Thursday, April 05, 2007

Akagi Bush


William Kristol suggests in the Weekly Standard that Bush needs to realize he has a "kick me" sign on his back and needs to fight back, by doing such things are pardoning Scooter Libby (the right thing to do, but politically impossible until December 2008). But I'm not as optimistic as Kristol. I think Bush is fatally crippled and doesn't have it in him to recover.

I watched a Military Channel doc on Midway a few nights ago, and it made clear that the reason that the US planes who got through the Zero-fighter defenses could wipe out the Japanese carriers so quickly was that the Japanese ships were poorly protected and did not have well-thought-through damage control. (The Japanese were also caught flat-footed at the worst-possible moment -- about to launch an attack, with all their planes, bombs, torpedoes and fuel on deck.)

Politically and intellectually, Bush is like a Japanese aircraft carrier. He's successful when times are good, but when he takes hits, he implodes. He is a poor public salesman as he cannot articulate his ideas in detail or with confidence. He has excellent instincts, generally the right values, and connects with people who want to connect with him. That's quite a lot, but it won't help in a damage-control environment.

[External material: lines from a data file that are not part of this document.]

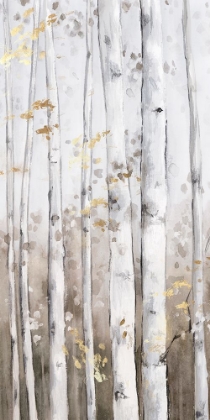 Picture of GOLDEN BIRCH FOREST II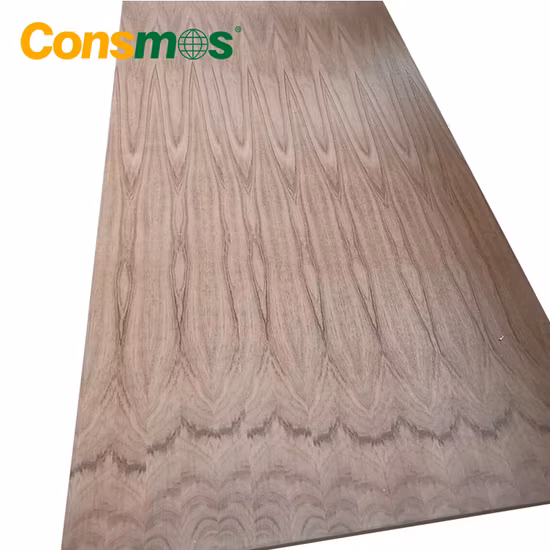 폴리에스테 장식적인 문 피부 경재 멜라민 종이 Coted 공상 베니어 영화 직면된 합판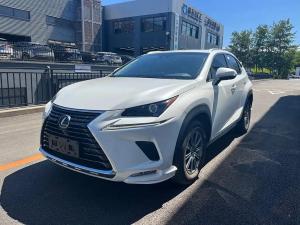 lexus nx 2019 Petrol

But much more fundamentally, Bush simply disdains political argument. I said the following on this discussion thread a long time ago:
"I think (1) both Bush presidents (41 more so than 43 admittedly) have a patrician disdain for argument, seeing it as the equivalent of raising your voice in front of the servants; (2) both Bush presidents (here 43 is worse) are personally inarticulate and have a disdain for ideology and the divisions it necessarily creates ("I'm a uniter, not a divider"); and (3) Dubya thought nothing succeeds like success and victory its own justification and so, at the latest by the time of the arrest of Saddam Hussein, thought the political argument was over."
That point was specifically about Iraq, but everything in it is relevant to the current context. I'd also add that Bush's political training was as Texas governor where the Democrats aren't exactly of the Conyers-Waters-Pelosi school. So he's bred this opinion of himself as not an ideologue. What I fear (actually I more than fear) is that he'll try to salvage his last two years with "bipartisanship," meaning cooperating with Ted Kennedy on an immigration amnesty bill that will make the Democrats the natural-majority-party for the foreseeable future.

2 comments:

Greg Mockeridge said...

Kristol's article gets my vote for the "No sh@# Sherlock" Award. I think this has been rather obvious for some time Bush doesn't understand that the hard left that controls the Democrat Party are not simply his opposition, but his enemies. He, as well as the rest of the Republican party, has needed to understand this and act accordingly.

This effects not only his political future but our security.

Pauli said...

Yeah, where did this anti-ideology ideology originate anyway? It's one thing for the MSM and the anti-war left to pretend they don't have an ideology, that they're "for the people" and all that tripe, but whenever I see Bush wanting to "end the partisan bickering", I always think "dude, can't you see that's a battle best left for the Ghandis of the world?" He seems to be making a false equivalence between the conservatives talking sense and the destructive nonsense of the left. I say have a big stick policy on the domestic front, use the power of the Presidency, pardon Libby, etc., but man, I'm not holding my breath either.